Noninvasive positive-pressure ventilation (NPPV) is increasingly being used in the care of patients suffering acute respiratory failure. High-level evidence supports the use of NPPV in this setting. With selected patients, NPPV decreases the rate of intubation, mortality and nosocomial infections. NPPV obviates intubation in > 50 % of appropriately selected patients. Both nasal and oronasal interfaces have been successfully used to apply NPPV, but the oronasal (or facial) interface is often used for acute respiratory failure. Any ventilator and ventilator mode can be used to apply NPPV, but in practice, portable pressure ventilators and pressure-support mode are most commonly used.
In acute setting, this therapy must be applied as soon as possible after the onset of problem. With our research team, we have demonstrated that NPPV can be used with success in an emergency department. In our experience, when NPPV was early used, part of the patients improved rapidly and was could be admitted to a general ward. An interesting fact is that the time to improve clinical situation is short and we can postulated than NPPV application in emergency department may be used as a "clinical triage". We have also demonstrated that early application of bi-level NPPV to patients with acute respiratory failure due to acute exacerbation of COPD or APO leads to a rapid improvement in clinical status and blood gases that differs substantially from the evolution of similar patients treated with conventional medical therapy and a placebo NPPV device.

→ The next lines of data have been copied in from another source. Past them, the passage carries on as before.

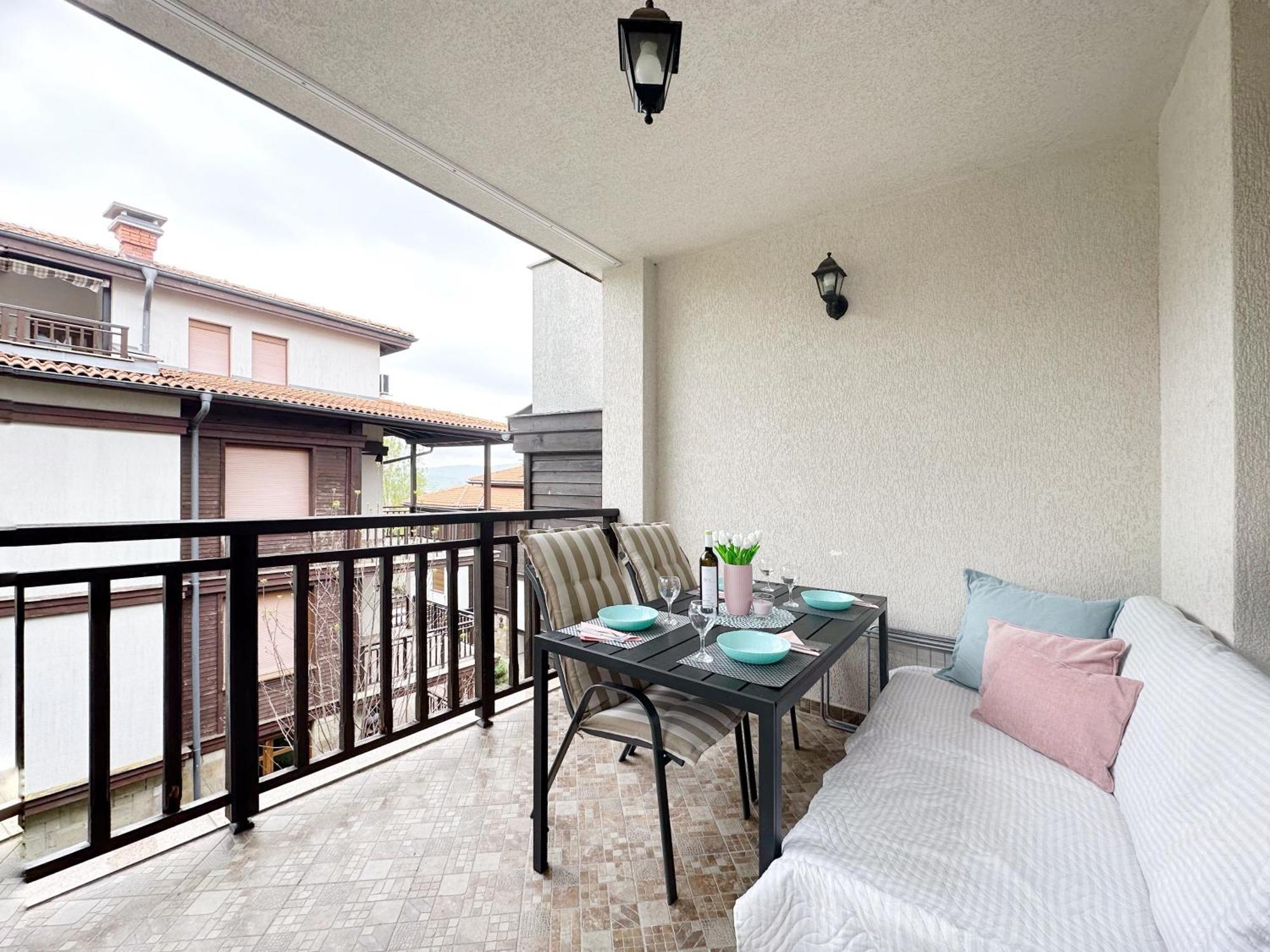 Sm Lovely Apartments On The First Line In Sozopol Room photo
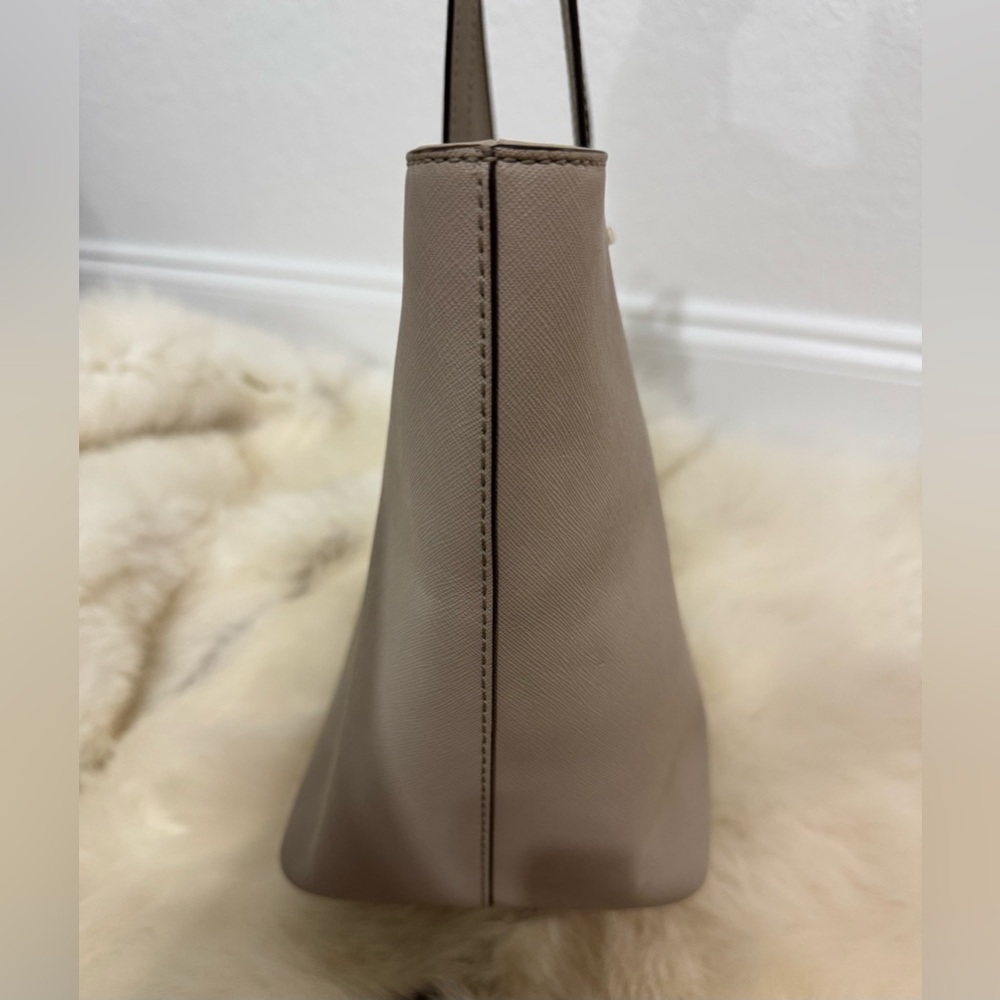 Kate Spade New York Saffiano Leather Cedar Street Medium Harmony Tote Taupe EUC - Picture 13 of 16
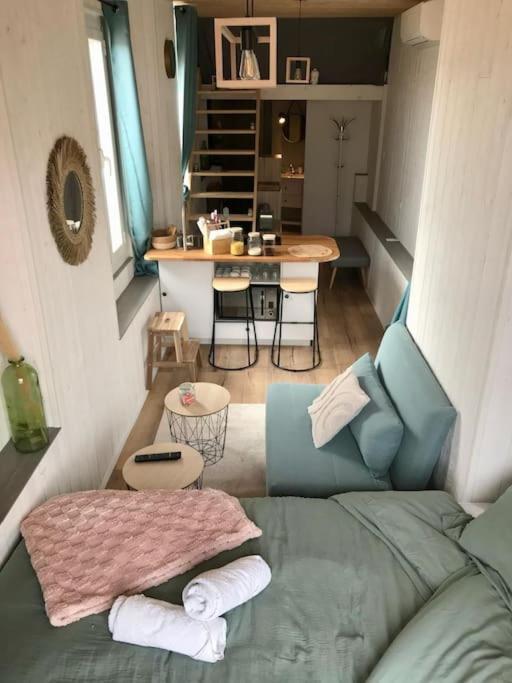 Lumineux Studio Sous Les Toits De 멍똥 외부 사진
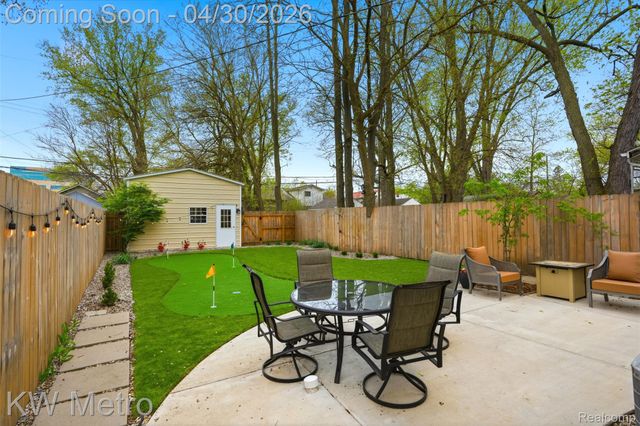 416 E Breckenridge Street, Ferndale, MI 48220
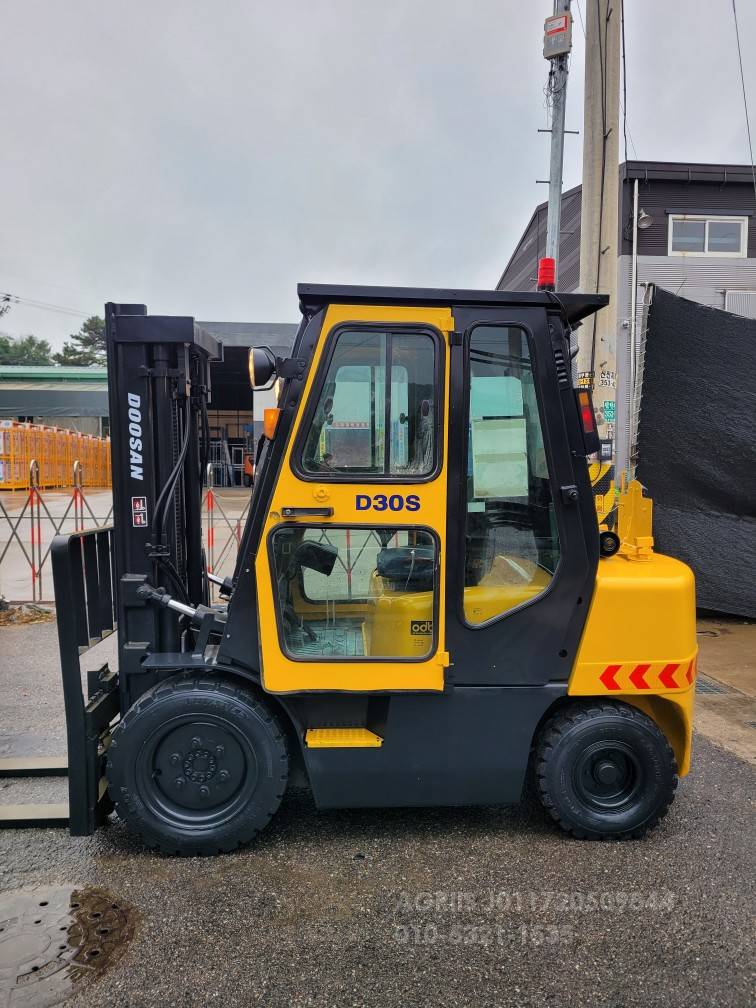 Doosan Forklift 두산3톤풀옵션중고지게차  뒤우측면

Currently, we have very few data on the real utility to use of NPPV in Out-of-Hospital patients with acute respiratory failure managed by medical team of pre-hospital care despite the fact that this approach decreased the delay of application of a efficient ventilator support. A prior study of Craven and coll. has demonstrated that NPPV helps relieve dyspnea in patients with suspected congestive heart failure.
We can postulate that a shorter delay between onset of symptomatology and application of NPPV increased the part of selected patient with good clinical outcome (intubation, need of intensive care).
Comparisons :
Patients with COPD, APO with standard medical therapy + NPPV compared to patients with standard medical therapy alone in pre-hospital setting.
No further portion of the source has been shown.